WHAT TO DO — Without including any images, repeat the data exactly.

DATASET EXTRACT —
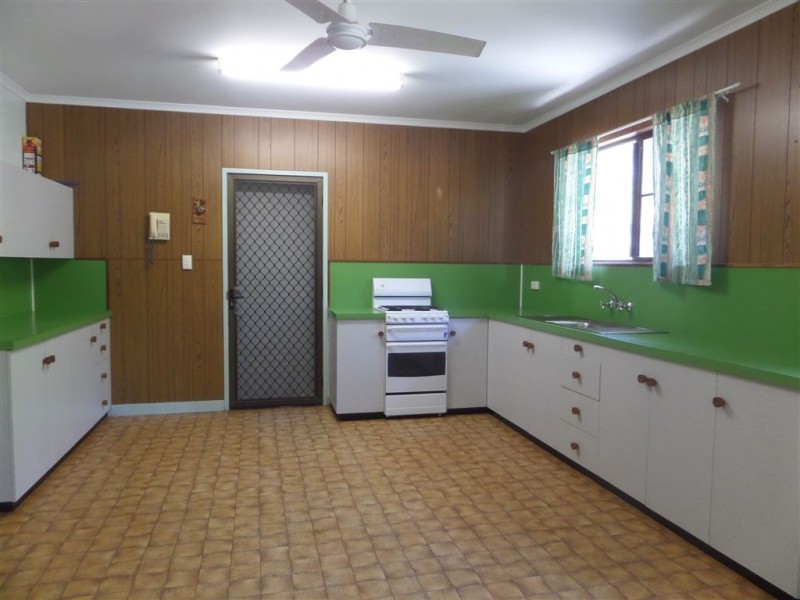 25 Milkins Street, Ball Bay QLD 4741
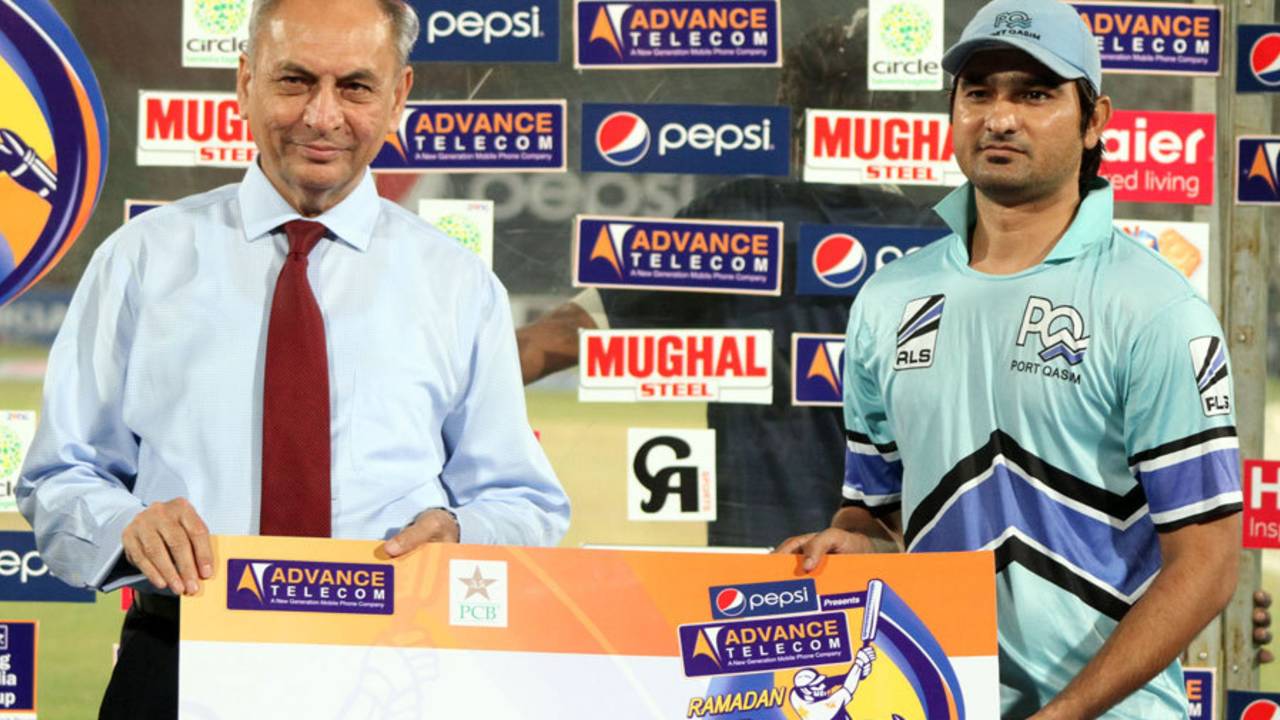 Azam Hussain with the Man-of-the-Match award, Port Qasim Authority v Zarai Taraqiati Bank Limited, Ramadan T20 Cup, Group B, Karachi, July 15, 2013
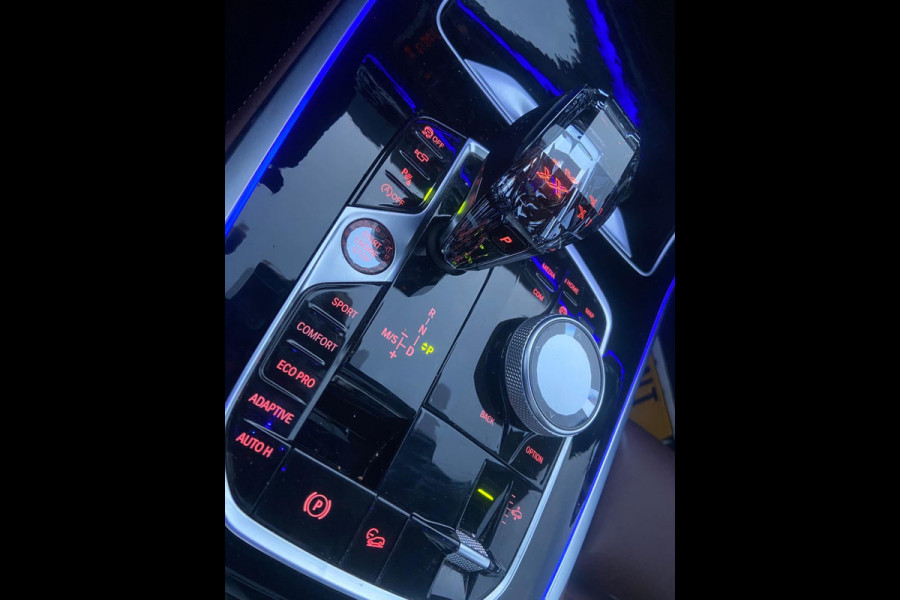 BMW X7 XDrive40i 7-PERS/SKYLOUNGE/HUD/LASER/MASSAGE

THE COMPLETED TASK —
 25 Milkins Street, Ball Bay QLD 4741
 Azam Hussain with the Man-of-the-Match award, Port Qasim Authority v Zarai Taraqiati Bank Limited, Ramadan T20 Cup, Group B, Karachi, July 15, 2013
 BMW X7 XDrive40i 7-PERS/SKYLOUNGE/HUD/LASER/MASSAGE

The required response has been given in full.